## Assignment
In the listing below, find every line containing "Manual" and copy it out.

▬▬▬▬▬▬

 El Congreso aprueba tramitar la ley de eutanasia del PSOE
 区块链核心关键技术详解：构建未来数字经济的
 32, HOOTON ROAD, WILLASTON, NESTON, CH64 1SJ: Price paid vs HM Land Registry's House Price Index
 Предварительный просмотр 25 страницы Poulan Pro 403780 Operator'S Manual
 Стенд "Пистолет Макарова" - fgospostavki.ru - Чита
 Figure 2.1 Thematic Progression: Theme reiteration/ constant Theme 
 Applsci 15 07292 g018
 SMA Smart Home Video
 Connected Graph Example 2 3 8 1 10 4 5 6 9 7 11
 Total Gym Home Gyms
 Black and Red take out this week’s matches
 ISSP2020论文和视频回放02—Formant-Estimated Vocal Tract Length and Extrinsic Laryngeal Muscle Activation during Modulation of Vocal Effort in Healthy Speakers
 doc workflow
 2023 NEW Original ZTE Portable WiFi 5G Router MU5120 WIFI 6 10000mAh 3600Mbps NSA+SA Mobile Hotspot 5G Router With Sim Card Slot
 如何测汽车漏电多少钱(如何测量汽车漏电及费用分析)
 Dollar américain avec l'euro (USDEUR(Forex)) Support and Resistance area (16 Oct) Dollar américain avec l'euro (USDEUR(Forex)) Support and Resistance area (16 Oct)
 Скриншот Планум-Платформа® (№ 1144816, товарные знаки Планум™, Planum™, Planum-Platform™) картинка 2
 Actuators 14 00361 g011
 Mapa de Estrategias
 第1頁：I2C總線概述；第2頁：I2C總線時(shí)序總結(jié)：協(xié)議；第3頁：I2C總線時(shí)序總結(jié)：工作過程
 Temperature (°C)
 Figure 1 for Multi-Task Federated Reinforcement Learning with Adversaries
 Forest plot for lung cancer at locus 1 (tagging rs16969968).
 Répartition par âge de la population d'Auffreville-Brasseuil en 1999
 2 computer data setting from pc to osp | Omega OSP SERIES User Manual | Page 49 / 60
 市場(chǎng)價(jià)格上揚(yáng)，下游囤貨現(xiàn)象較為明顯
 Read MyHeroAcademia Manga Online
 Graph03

▬▬▬▬▬▬

## Reply to the task
 Предварительный просмотр 25 страницы Poulan Pro 403780 Operator'S Manual
 2 computer data setting from pc to osp | Omega OSP SERIES User Manual | Page 49 / 60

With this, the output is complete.